Here are some very short (one-paragraph) unpublished reviews of works of fiction I have enjoyed and would recommend for at least some readers. In the reverse order in which I read them, not of publication, so most recent reads first.
The House of Doors, by Tan Tan Eng:
Evocative imagination of a visit to Penang by Willie Somerset Maugham in 1921 that links the histories of Maugham, the first President of Republican China Sun Yet Sen and the convicted murderess Ethel Proudlock (all real people) through the eyes of Maugham’s fictitious hostess Lesley Hamlyn, the wife of a British lawyer. The prose is a little uneven for my taste, teetering between self-conscious poeticism and a sometimes clunking reaching for the aphorism. But the story is well structured, and the sense that all the characters have their multiple layers of secrets makes in the end for a compelling read. Its suggestion that it is the “real” version of events behind the story “The Letter” in Maugham’s The Casuarina Tree , which itself led to Maugham’s being considered persona non grata in the expatriate British community for having betrayed secrets, contributes to the intrigue.
Cent Million d’Années et Un Jour, by Jean-Baptiste Andrea:
A lyrical account of an expedition by a palaeontologist to discover what he is convinced is the site of a complete dinosaur skeleton in a remote valley in the Alps. A man’s struggle with himself, with his few companions and with the natural world. Images of glaciers and tiny men silhouetted against them.
Alice Munro:
NOTE: The news that Alice Munro remained silent over the abuse of her daughter Andrea Robin Skinner by Munro’s husband Gerald Fremlin has made me reluctant to return to the work of Munro, which I began to explore after Munro’s death, as reported in the next paragraph. I will do so some time in the next two or three months.
Since the death of Alice Munro, whose work I didn’t know, I’ve been trying to catch up on what makes this chronicler of small-town Canada so compelling.

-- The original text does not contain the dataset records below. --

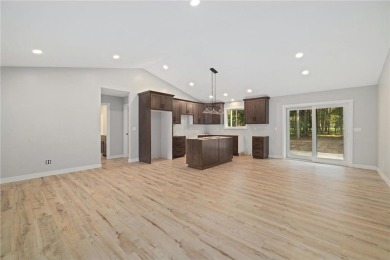 Discover this beautifully crafted home ideally situated with on Headwaters Country Club in Minnesota - for sale on GolfHomes.com, golf home, golf lot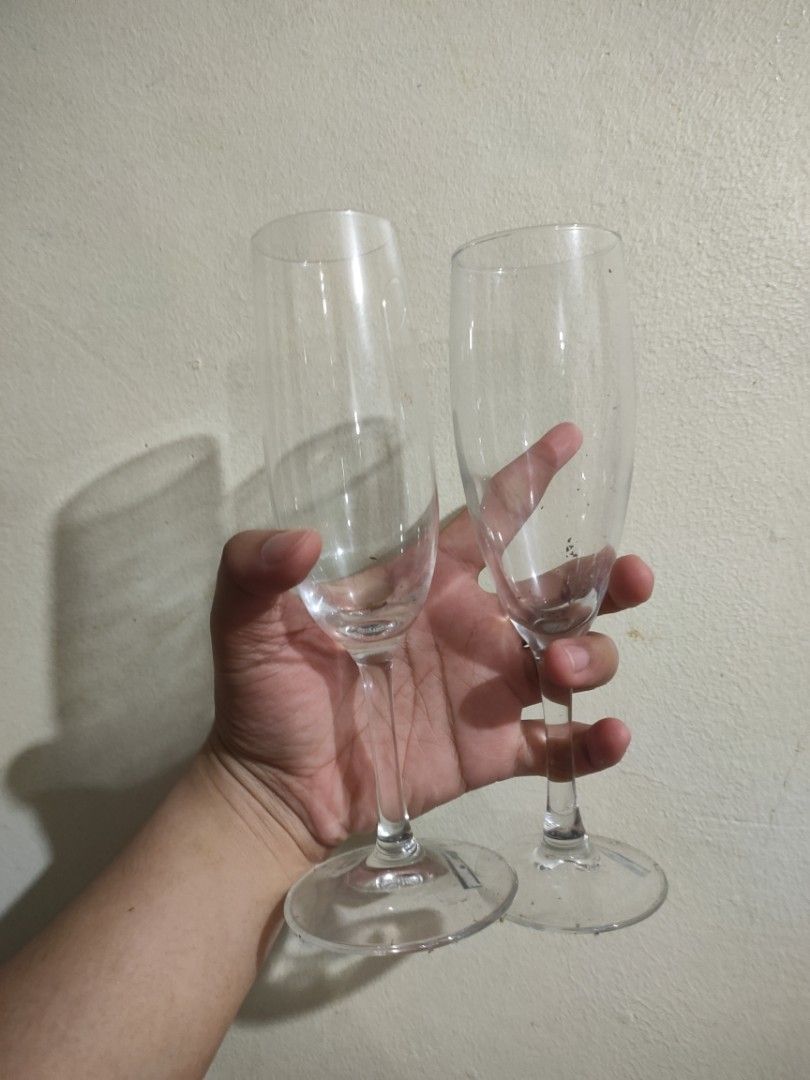 Set of 2 Champagne Flutes (Category: Dinnerware & Cutlery) located in Binan City. Submitted by ajsdcruz (Listing ID 1401547997, Image 1). Description: Elegant set of two champagne flutes. These glasses have a classic, tall design with a slender stem and a wide base for stability. They are made of clear glass, perfect for showcasing the bubbles of your favorite champagne or sparkling wine. Ideal for special occasions or adding a touch of sophistic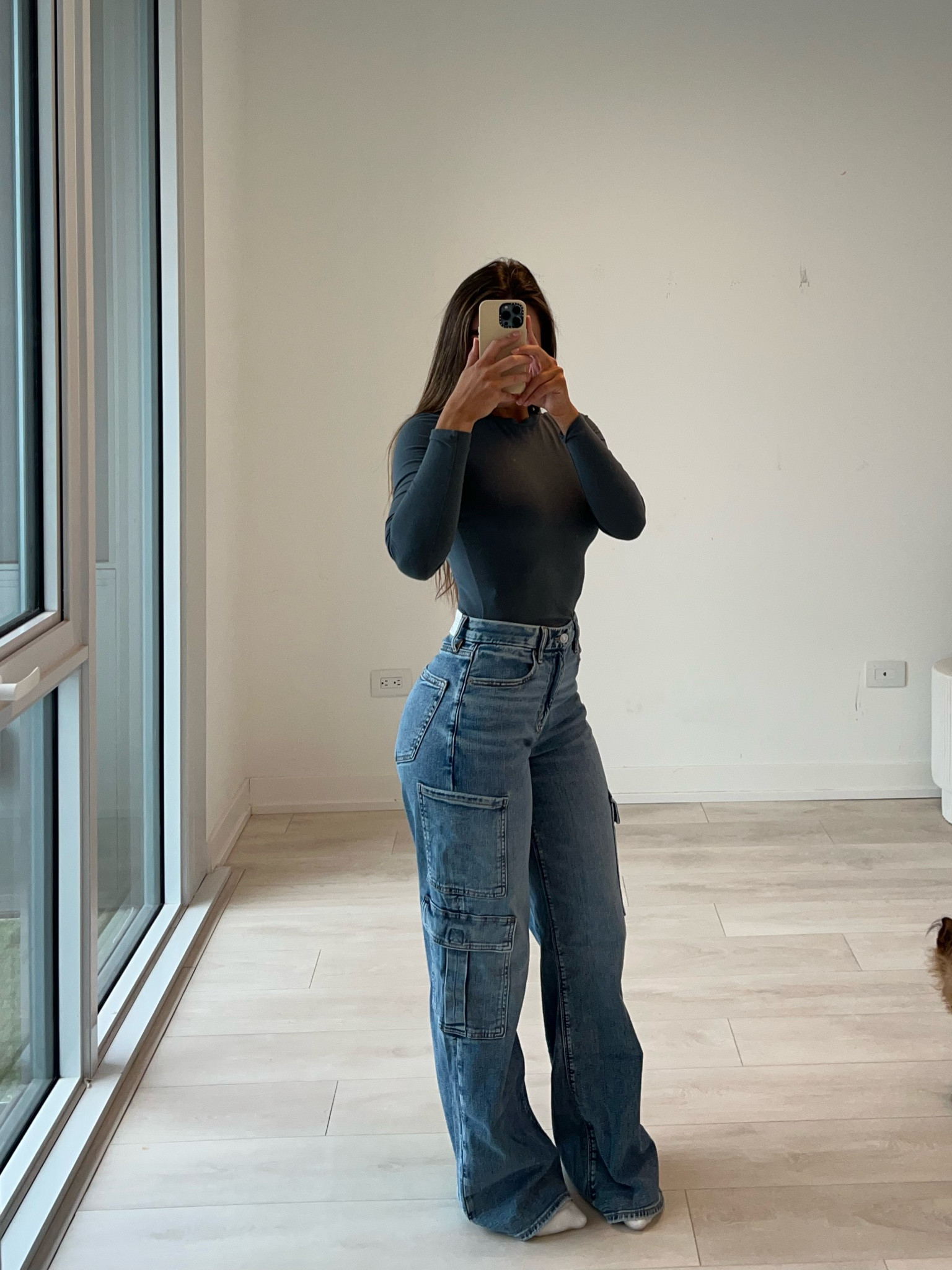Jeans run slightly big, size down! 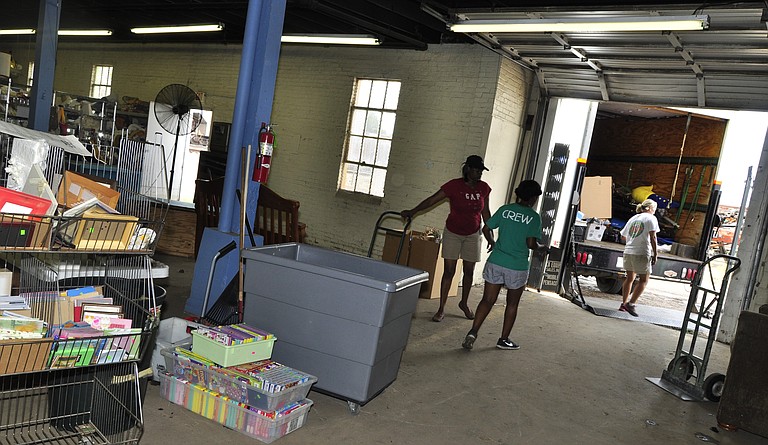 Volunteers arrived at NUTS Monday to start cleanup, which included pressure washing, bleaching and cleaning a layer of silt off the store's floor.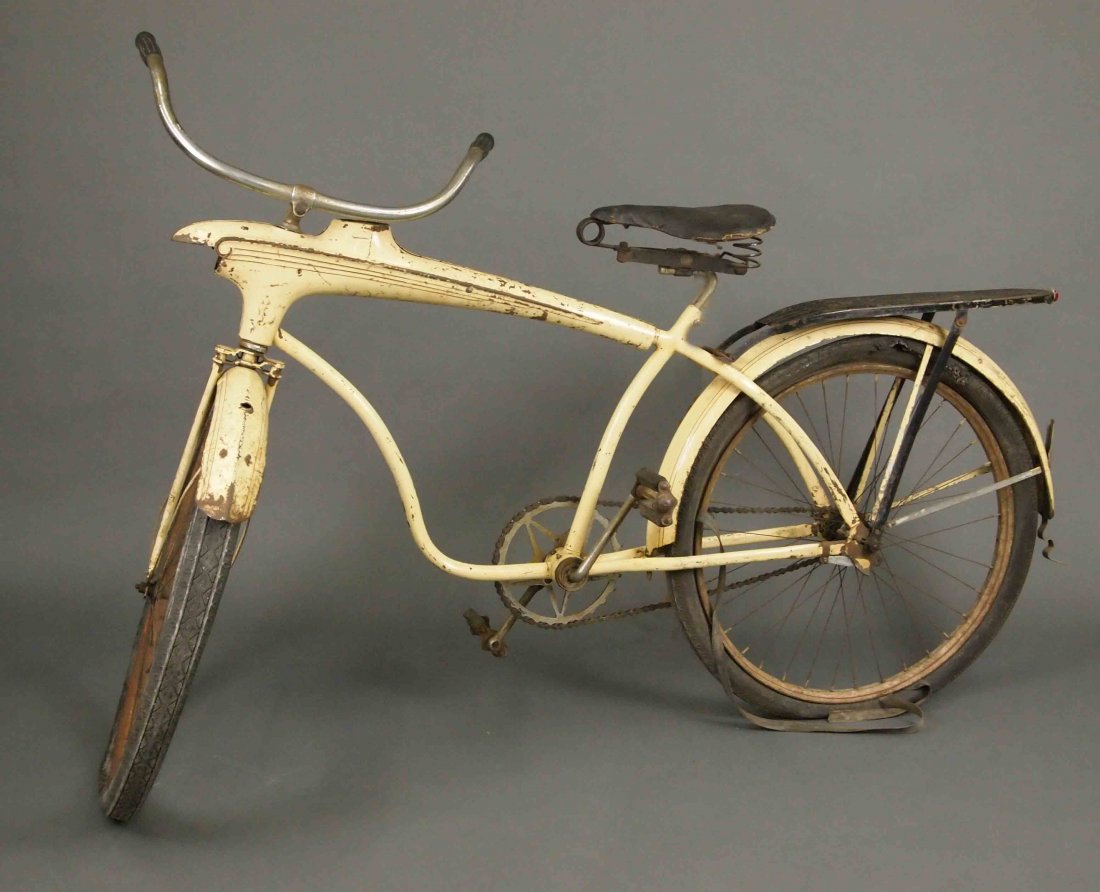 Elgin Bluebird Bicycle: A 1938 "Elgin Bluebird" bicycle. Original paint, double spring seat. Heavy pitting to the chrome, lacks headlight and its components, some loss to the seat and overall wear, paint loss and rust. 22" w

There seems to be no one place to start, so I’m undertaking a meandering tour of her many short stories in much the same way as she describes herself, her brother and her traveling salesman father making a tour of the rural Ontario countryside in “Walker Brothers Cowboy”, the first story in the collection A Wilderness Station: Selected Stories, 1968-1994. As some perceptive critic (I don’t remember who) pointed out, you don’t remember her sentences but you do remember her scenes. And her moods, I would add, and the perplexity everyone feels when the world doesn’t answer you in the way you’ve come to expect. The second story in the collection, “Dance of the Happy Shades”, is a delicious example of this: it starts with small-town gossip and backbiting and ends in quite unexpected epiphany. Others I’ve admired, and been bewitched by, include “The Beggar Maid”, in the same collection, “In Sight of the Lake”, in the collection Dear Life, and the well-known but nevertheless magnificent “The Bear Came Over the Mountain”, in Hateship, Friendship, Courtship, Loveship, Marriage. The last two are particularly absorbing, and scary, for those of us with elderly relatives or nearing old age ourselves.
The Winding Stair, by Jesse Norman:
A gripping historical novel set at the end of the reign of Queen Elizabeth I and the beginning of the reign of King James I. It charts the rise and rivalry of Francis Bacon and Edward Coke, and along the way makes subtle points about how different visions of the law serve conflicting political and religious agendas. Stylistically owes much to Hilary Mantel’s Cromwell trilogy, but still develops a recognisable voice of its own. An intellectually demanding read, but it keeps the story flowing and is never dull.
Columba’s Bones, by David Greig:
A disturbing tale of a community of monks on the Island on Iona, off the West coast of Scotland, in the year 825. They suffer a brutal attack from Viking raiders, in the aftermath of which a handful of survivors try to rebuild their lives on this lonely outpost. Violent but also surprisingly lyrical at moments. Spare prose, with vivid images.
Piranesi, by Susanna Clarke:
One of the most haunting novels I have read in years. Set in a fantastic dilapidated palace whose origin is never specified but whose relationship to the everyday world is radically reassessed as the story advances. Unlike anything else I know. A masterpiece.